Only the lines below starting at the one that contains "9500 W Bay Harbor" and ending at the one that contains "トモママカナママ's cooksnap of" are to be reproduced, exactly and with both ends kept.
-- -- --
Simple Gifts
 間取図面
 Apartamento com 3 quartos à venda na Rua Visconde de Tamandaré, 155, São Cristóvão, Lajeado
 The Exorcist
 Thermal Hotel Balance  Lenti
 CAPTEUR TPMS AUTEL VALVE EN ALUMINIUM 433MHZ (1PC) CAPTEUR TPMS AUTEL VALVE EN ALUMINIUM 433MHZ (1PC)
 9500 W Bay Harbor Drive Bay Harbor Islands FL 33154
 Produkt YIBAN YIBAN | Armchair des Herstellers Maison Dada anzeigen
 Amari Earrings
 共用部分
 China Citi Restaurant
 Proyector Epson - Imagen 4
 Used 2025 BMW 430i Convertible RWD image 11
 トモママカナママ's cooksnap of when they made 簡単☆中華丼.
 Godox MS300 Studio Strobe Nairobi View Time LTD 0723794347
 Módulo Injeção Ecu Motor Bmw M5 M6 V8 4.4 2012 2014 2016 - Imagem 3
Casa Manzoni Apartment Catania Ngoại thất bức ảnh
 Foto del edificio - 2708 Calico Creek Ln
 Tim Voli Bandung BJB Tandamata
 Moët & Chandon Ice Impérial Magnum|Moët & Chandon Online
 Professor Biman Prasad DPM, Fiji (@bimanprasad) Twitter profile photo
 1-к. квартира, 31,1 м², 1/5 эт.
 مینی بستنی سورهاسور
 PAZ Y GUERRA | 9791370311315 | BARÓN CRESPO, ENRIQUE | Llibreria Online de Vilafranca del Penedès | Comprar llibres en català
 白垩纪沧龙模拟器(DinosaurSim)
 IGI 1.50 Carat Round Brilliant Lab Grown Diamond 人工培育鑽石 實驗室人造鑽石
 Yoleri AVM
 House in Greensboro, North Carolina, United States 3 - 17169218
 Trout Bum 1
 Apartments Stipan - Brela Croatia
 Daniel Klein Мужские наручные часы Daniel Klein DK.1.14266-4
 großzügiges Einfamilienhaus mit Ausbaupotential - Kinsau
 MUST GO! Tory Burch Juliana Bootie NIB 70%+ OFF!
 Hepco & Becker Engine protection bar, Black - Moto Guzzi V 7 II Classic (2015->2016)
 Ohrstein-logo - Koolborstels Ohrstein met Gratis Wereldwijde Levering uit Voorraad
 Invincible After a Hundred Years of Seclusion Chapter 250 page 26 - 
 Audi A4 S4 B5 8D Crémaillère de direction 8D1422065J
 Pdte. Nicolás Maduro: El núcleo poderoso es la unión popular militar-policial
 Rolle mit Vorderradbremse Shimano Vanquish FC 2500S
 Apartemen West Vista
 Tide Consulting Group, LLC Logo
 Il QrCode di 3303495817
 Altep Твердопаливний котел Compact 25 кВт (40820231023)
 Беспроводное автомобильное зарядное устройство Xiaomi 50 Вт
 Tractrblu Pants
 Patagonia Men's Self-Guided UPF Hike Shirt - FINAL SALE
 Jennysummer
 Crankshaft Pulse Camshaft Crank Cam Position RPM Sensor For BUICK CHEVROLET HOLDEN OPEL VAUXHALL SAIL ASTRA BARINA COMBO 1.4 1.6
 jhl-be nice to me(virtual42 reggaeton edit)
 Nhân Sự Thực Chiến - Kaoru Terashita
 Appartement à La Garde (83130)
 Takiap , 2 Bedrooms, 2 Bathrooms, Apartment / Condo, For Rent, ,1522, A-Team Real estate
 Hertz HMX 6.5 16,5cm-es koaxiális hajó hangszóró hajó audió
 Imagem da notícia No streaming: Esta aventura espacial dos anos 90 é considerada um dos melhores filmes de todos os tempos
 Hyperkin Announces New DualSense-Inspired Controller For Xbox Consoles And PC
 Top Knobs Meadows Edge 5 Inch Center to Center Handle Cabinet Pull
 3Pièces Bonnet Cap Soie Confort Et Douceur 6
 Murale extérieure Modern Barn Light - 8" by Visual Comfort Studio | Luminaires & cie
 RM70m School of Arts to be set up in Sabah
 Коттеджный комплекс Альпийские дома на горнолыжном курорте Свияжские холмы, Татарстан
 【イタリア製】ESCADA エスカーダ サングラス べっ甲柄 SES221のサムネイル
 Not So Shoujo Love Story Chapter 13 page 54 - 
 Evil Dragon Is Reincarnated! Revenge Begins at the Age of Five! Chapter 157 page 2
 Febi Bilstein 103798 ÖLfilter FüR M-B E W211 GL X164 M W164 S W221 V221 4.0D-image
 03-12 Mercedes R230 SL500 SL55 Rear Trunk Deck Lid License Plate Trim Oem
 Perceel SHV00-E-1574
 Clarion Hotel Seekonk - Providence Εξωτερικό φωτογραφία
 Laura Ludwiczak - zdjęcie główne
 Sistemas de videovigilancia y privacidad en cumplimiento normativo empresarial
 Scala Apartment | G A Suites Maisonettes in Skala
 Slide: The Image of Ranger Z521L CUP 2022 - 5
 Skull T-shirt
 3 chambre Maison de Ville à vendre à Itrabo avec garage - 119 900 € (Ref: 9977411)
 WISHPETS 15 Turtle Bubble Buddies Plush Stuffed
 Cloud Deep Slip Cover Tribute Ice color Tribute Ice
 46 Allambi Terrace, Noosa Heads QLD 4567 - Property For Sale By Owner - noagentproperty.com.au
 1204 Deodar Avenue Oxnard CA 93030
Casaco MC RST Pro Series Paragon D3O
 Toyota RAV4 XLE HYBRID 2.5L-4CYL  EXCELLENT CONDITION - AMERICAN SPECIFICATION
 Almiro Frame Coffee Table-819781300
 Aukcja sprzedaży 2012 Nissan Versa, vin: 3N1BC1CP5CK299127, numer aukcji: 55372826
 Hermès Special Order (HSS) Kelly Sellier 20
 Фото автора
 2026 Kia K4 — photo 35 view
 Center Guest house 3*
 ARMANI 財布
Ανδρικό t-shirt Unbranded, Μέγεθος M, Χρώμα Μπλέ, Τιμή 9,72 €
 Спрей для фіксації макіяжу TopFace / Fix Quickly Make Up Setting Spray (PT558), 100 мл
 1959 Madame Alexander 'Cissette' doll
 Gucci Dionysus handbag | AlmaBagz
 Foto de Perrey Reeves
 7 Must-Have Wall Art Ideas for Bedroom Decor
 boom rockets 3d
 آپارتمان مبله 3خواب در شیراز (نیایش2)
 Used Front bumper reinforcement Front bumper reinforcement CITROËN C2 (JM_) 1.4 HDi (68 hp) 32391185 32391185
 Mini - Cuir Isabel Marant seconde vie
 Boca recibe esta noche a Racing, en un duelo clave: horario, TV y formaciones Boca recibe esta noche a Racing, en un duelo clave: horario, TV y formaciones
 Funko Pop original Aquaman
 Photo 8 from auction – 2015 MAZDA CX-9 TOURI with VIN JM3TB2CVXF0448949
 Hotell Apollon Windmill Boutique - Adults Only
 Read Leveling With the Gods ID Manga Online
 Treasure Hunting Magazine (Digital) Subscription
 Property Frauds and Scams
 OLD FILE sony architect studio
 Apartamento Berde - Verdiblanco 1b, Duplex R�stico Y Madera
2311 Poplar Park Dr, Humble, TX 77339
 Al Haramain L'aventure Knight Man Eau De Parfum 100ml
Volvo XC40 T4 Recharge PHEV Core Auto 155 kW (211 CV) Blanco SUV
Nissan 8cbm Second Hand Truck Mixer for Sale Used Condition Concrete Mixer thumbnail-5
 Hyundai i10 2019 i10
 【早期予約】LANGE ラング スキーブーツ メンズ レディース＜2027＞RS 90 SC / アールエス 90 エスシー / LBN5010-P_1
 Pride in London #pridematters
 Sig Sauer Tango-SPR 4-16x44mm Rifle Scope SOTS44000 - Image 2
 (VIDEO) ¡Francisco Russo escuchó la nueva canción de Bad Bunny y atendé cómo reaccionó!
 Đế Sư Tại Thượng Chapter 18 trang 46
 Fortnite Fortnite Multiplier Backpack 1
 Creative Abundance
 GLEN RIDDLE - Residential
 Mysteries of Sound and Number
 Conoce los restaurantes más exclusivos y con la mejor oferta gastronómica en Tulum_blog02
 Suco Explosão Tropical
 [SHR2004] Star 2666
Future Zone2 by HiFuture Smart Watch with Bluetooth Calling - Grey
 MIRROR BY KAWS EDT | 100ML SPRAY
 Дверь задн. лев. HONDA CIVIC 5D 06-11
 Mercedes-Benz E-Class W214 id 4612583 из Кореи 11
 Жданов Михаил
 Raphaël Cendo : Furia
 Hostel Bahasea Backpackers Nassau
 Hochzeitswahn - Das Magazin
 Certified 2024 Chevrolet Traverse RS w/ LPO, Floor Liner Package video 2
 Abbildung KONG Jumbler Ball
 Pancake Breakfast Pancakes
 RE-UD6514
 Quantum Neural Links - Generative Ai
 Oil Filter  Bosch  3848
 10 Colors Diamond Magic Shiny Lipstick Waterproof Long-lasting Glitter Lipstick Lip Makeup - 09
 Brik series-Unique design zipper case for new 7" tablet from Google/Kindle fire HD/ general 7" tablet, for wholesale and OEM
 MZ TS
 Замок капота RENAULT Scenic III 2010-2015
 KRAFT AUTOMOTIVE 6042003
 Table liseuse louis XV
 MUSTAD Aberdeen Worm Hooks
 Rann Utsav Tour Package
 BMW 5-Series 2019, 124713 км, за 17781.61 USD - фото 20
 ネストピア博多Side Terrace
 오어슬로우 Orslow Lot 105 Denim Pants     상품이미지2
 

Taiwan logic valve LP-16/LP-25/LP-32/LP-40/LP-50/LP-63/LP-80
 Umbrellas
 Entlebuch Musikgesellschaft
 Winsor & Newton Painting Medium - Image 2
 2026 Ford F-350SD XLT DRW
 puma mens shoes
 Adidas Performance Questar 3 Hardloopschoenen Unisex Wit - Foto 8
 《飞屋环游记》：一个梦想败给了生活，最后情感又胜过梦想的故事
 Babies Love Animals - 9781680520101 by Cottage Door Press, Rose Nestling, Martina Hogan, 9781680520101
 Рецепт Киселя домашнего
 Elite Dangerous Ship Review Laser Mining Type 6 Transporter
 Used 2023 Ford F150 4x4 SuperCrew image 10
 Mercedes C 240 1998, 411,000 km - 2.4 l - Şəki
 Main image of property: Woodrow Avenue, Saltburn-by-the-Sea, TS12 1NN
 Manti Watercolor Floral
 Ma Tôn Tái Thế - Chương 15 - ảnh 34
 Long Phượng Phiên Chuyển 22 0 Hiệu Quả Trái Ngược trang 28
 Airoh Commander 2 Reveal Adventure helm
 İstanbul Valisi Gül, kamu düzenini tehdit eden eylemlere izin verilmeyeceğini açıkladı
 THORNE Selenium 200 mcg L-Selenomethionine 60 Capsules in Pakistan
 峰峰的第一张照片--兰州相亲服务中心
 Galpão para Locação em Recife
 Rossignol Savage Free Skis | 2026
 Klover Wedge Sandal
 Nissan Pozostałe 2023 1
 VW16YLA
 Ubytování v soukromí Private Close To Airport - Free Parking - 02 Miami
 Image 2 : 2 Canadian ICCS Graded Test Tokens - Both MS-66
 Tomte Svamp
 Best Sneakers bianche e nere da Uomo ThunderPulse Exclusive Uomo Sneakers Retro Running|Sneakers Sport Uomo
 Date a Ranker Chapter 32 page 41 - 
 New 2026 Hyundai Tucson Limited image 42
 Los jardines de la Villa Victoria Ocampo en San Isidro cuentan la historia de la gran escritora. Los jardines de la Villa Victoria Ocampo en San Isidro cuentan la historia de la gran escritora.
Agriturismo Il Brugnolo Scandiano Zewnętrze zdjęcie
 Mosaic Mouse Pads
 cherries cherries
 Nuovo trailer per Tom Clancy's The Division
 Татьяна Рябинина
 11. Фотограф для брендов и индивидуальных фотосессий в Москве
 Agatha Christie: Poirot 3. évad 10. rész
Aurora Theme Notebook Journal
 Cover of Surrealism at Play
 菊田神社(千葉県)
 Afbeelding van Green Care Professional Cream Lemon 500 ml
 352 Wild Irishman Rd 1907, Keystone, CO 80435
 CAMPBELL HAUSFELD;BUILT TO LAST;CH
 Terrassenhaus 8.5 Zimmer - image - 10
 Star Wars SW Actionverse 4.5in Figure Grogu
-- -- --
Solution to this problem
 9500 W Bay Harbor Drive Bay Harbor Islands FL 33154
 Produkt YIBAN YIBAN | Armchair des Herstellers Maison Dada anzeigen
 Amari Earrings
 共用部分
 China Citi Restaurant
 Proyector Epson - Imagen 4
 Used 2025 BMW 430i Convertible RWD image 11
 トモママカナママ's cooksnap of when they made 簡単☆中華丼.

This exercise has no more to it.